Pour conclure, nous pouvons dire qu’il ressort de nos pratiques respectives de terrain des formes de bousculements qui amènent les participant.e.s à reconsidérer les existant.e.s comme autant d’entités actrices de leurs expériences. Ces bousculements qui traduisent des tensions et des écarts entre des a priori et des pratiques, nous pouvons nous en saisir par leur caractère spatial. En effet, cette composante rend visibles les aptitudes qu’ont les existant.e.s à percevoir, interpréter et signer le monde. Ainsi, c’est à travers leurs capacités à produire et à saisir des marqueurs spatiaux qu’humain.e.s et autres qu’humain.e.s existent et apparaissent aux autres. De ces jeux de territorialités émergent de nouvelles dispositions des existant.e.s à percevoir et à agir. La trame des relations entre existant.e.s se présente alors comme une réalisation en évolution constante où les places des êtres nous apparaissent avant tout comme le fruit de jeux de distances et de pouvoir qui se font et se défont perpétuellement, se traversent, s’entrechoquent et tracent ainsi les lignes de fuite, les devenirs (Deleuze et Guattari, 1980) à la fois humain.e.s, animaux, forêts, montagnes.

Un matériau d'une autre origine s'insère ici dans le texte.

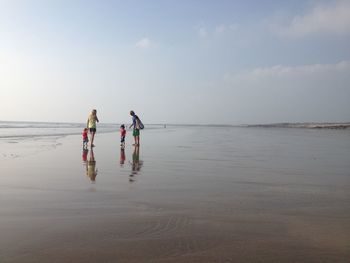 Family at beach against sky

Aussi, que nos regards se portent sur les relations entre humain.e.s et autres qu’humain.e.s ou bien sur nos propres manières de faire de la recherche, nous étudions des processus en train de se faire. D’une part, nos travaux déplacent leurs focales, des objets géographiques (territoire, montagne, forêt) vers des pratiques spatiales. Ces pratiques sont produites et productrices de spatialités et donc de territorialités qui mettent en relation les existant.e.s, c’est-à-dire qu’elles les placent les un.e.s par rapport aux autres dans des agencements collectifs. D’autre part, nous sommes, nous-mêmes, pris dans ces mouvements de l’institué et de l’instituant ; nous façonnons nos sujets d’étude autant qu’ils nous façonnent. Autrement dit, si le risque demeure que les existant.e.s soient ignoré.e.s, objectivé.e.s ou, du moins, maintenu.e.s à distance de la chaîne opératoire qui mène à la production d’un savoir, nous défendons ici l’idée qu’ils et elles participent activement à la recherche. Aussi, avons-nous encore beaucoup à apprendre des paysan.ne.s, acompagnateur.trice.s et guides de montagne, qui nous indiquent comment inclure montagnes, forêts et animaux sauvages dans les boucles itératives entre théories et pratiques, entre problématique, données et résultats (Olivier de Sardan, 1995).